Friday, February 27, 2015

Adding Insult to Injury



A state Psychology Board recently hit one of its psychologists with a penalty that was perfectly tailored for the charges leveled against him.  It revoked his license for a minimum of five years.  It further held that if, by some unexpected turn of events, this doctor managed to get his license back, he would never be allowed to treat females.  It finally ruled that if he did get his license back, his practice would always be monitored by a Board-approved mental health professional.  By now, you can probably figure out the nature of some of the charges against Dr. A. 

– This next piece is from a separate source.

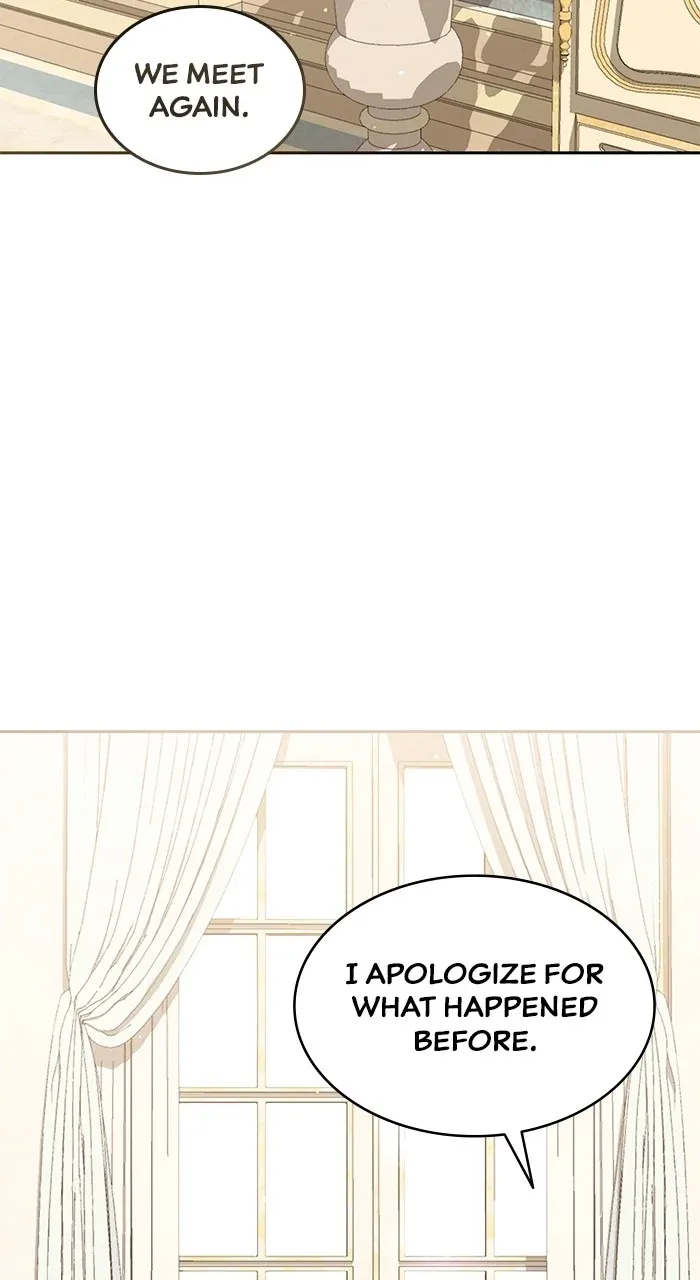 The Scent That Binds Us Chapter 4 page 37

From the mid-1980’s through 1996, Dr. A. provided psychotherapy to a female patient, referred to as “Client G.”  He initiated a sexual relationship with her from 1994-96.  The sex took place during weekly sessions.  The doctor billed the patient for those sessions.  While treating and having sex with her, he also made her a co-facilitator of a psychology group for sexually abused women.  He presented her to the group “in a way that suggested that Client G had qualifications as a mental health professional.”  I’m sure he billed for these sessions as well.  The Board also found that during this same period of time, Dr. A had an affair with Client R.

Meanwhile, Dr. A was also treating clients "S" and "M."  These women participated in group sessions for sexual abuse victims who had developed post-traumatic stress disorder.  On one occasion Dr. A called S to ask her to help M who was suicidal at the time.  The Board ruled that telling S that M was suicidal violated M’s privacy.  Dr. A argued that he made the call in an effort to save M’s life.  The Board dismissed this argument.

On appeal, Dr. A argued that it was error to allow “patient advocate” Board members to participate in hearing his case.  His state’s Psychology Licensing Act requires three board members to be members of the public “who are not mental health professionals.” Unfortunately, the statute refers to these members as “patient advocates.”  The Court threw out this defense because Dr. A offered no evidence of “specific bias or prejudice” on the part of these Board members.  

In a last ditch effort to save his license, Dr. A argued that Dr. Woodrow, one of the psychologist board members, should not have participated in his hearing.  He claimed that she was biased against him because she had treated patient “G.”  The evidence showed that almost 30 years before the hearing, Dr. Woodrow treated G.  However, she did not remember G and did not have records of her treating G. The Court found that this was not evidence of bias.

It’s hard to find a worse example of psychologist-patient abuse.  Dr. A chose a patient whom the Board described as “very vulnerable,” initiated a sexual relationship with her, charged her for the privilege of having sex with him, cheated on her, and had her misrepresent herself when she “facilitated” a group of sex abuse victims.  It is fortunate that the Board took this man’s license.  One can only hope he never gets it back.